In summary, we show that laminin-2 (7) and laminin-binding integrin expression is concomitantly induced in ASM cells under conditions that promote acquisition of a contractile phenotype. Moreover, we show that α7B integrin is unique, as it is required for myocyte maturation to occur. These data reveal new biological mechanisms relevant to fibroproliferative disorders such asthma and atherosclerosis that are characterized by the accumulation of smooth muscle, and in which smooth muscle phenotype switching occurs (47, 48). At present, though differences in ECM composition are reported in the airways of patients with asthma, it is not known if changes in integrin expression, in particular on ASM cells, are directly associated with disease progression (49). Notably, in patients with congenital muscular dystrophy due to laminin α2 chain deficiency, and in dy/dy mice that do not express laminin α2 chain, α7 integrin expression becomes severely diminished, indicating that changes in integrin abundance can be directly affected by changes in the ECM (50). Furthermore, as changes in α7 integrin expression are associated with the pathogenesis of vascular remodeling in response to injury (21), future studies are clearly necessary to assess the functional role of α7 integrin expression in other disease states, such as asthma. Though α7 integrin knockout mice have been generated (37), the mutation is embryonic lethal, thus more sophisticated transgenic mouse models that target this gene are necessary to investigate its role in disease models.

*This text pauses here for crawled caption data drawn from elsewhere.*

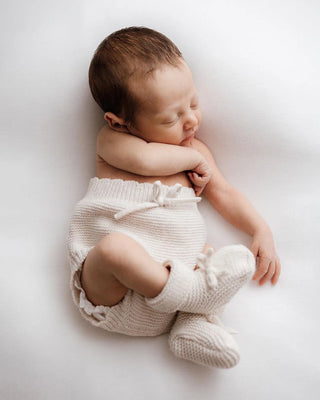 Newborn baby wearing knitted bloomers and booties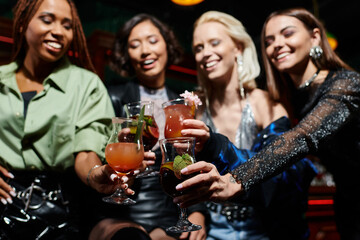 Friends gathered at a vibrant party celebrating friendship with laughter and delicious drinks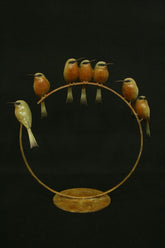 Decorative bronze art with birds on a ring against a black background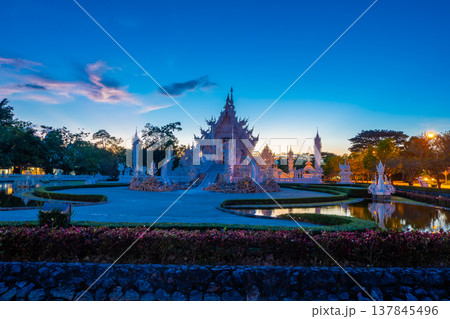 Beautiful and amazing white art temple in sunset time at Wat Rong Khun Chiang Rai, Thailand It is a tourist destination. Landmark of Chiang Rai 137845496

The authors thank Ms. Amanda Reinisch and Ms. Shan Li for technical assistance. They also thank Dr. Schaafsma for critical reading of this manuscript.
This work was supported by grants from the SickKids Foundation / Institute of Human Development, Child and Youth Health (#XG05–011), Canadian Institutes of Health Research (CIHR), and the Manitoba Institute of Child Health. This work was undertaken, in part, thanks to funding from the Canada Research Chairs Program and the Canada Foundation for Innovation. A.J.H. holds a Canada Research Chair in Airway Cell and Molecular Biology. T.T. is the recipient of fellowships from GlaxoSmithKline/Canadian Lung Association/CIHR and the CIHR National Training Program in Allergy and Asthma. W.T.G. was supported by a grant from the US National Institutes of Health, HL077726.
Originally Published in Press as DOI: 10.1165/rcmb.2007-0165OC on July 19, 2007
Conflict of Interest Statement: A.J.H. received an open research grant of $65,000 from Merk Frost Canada Inc. None of the other authors has a financial relationship with a commercial entity that has an interest in the subject of this manuscript.